New York Gov. Kathy Hochul (D) announced Wednesday that she’s dispatching 1,000 law enforcement officers, comprised mostly of National Guard members, into the New York City subway system following recent attacks on riders and employees.

The plan is for 750 National Guard officers, and 250 state and MTA police officers to patrol, conduct bag checks and deter criminal activity in the city’s busiest transit stations.

“These brazen, heinous attacks on our subway system will not be tolerated,” Hochul said at a press conference, highlighting recent attacks: a 64-year-old man being kicked into the tracks at Penn Station on Sunday, a 27-year-old rider getting slashed on the hands in an apparent homophobic attack Friday and a subway conductor named Alton Scott being slashed in the neck on Thursday while leaning his head out of the train.

Some of the attacks have also turned deadly. Last month, six people were shot on the platform of a Bronx subway station, leaving one dead. Another rider was killed on a train in the Bronx last month following either a gunshot wound or a puncture wound to the chest.

While the incidents Hochul highlighted are chilling, the reality is there has been a relatively small uptick in crime in transit spaces compared to last year. The New York Police Department has tallied 388 crimes in the subway system from the first of the year through March 3, compared to 343 in that same time period last year.

And according to NYPD data, crime rates in transit spaces have held relatively steady over 20 years, with an uptick in 2020 being the exception.

NYPD officers patrol a subway station on Wednesday.
NYPD officers patrol a subway station on Wednesday.

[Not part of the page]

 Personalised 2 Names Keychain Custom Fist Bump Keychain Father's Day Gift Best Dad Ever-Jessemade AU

Spencer Platt via Getty Images

But Hochul dismissed the data Wednesday.

“I’m not here today to talk to you about numbers and tell you stats and statistics about what’s going up or what’s going down,” she said at her press conference. “I’m here to take action because that’s what the situation requires, rattling off statistics. Saying things are getting better doesn’t make you feel better.”

In addition to the increased police presence, Hochul says she plans to speed up and expand the installation of cameras in rider and conductor cars.

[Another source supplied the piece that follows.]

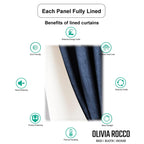 Luxe Geo Velvet Eyelet Curtains - Thermal Insulated Blackout Drapes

“If a camera had been positioned on all Alton Scott’s conductor cabin last Thursday, we probably would have already apprehended the person who slashed his neck,” she said of last week’s attack on the conductor. “Or maybe they wouldn’t have done it at all if they knew there were cameras watching their every move.”

That’s a big maybe; research on the effectiveness of surveillance cameras as a crime deterrent are mixed. A 2020 study of CCTV systems in various countries conducted by researchers at multiple universities found a 13% decrease in crime in areas with cameras, but they did not have a significant effect on the types of violent crime Hochul says she’s trying to stop.

Her plan was slammed by the New York Civil Liberties Union as a disproportionate reaction that will inevitably lead to racist policing.

“This is another unfortunate example of policymaking through overreaction and overreach. These heavy-handed approaches will, like stop-and-frisk, be used to accost and profile Black and Brown New Yorkers,” NYCLU executive director Donna Lieberman said.

“This plan is whiplash inducing,” she continued. “The city only recently trumpeted safety data. Sound policy making will not come from overreacting to incidents that, while horrible and tragic, should not be misrepresented as a crime wave and certainly don’t call for a reversion to failed broken windows policies of the past.”

Hochul’s office did not immediately respond to requests for comment on how much the increase policing and camera installations will cost New Yorkers.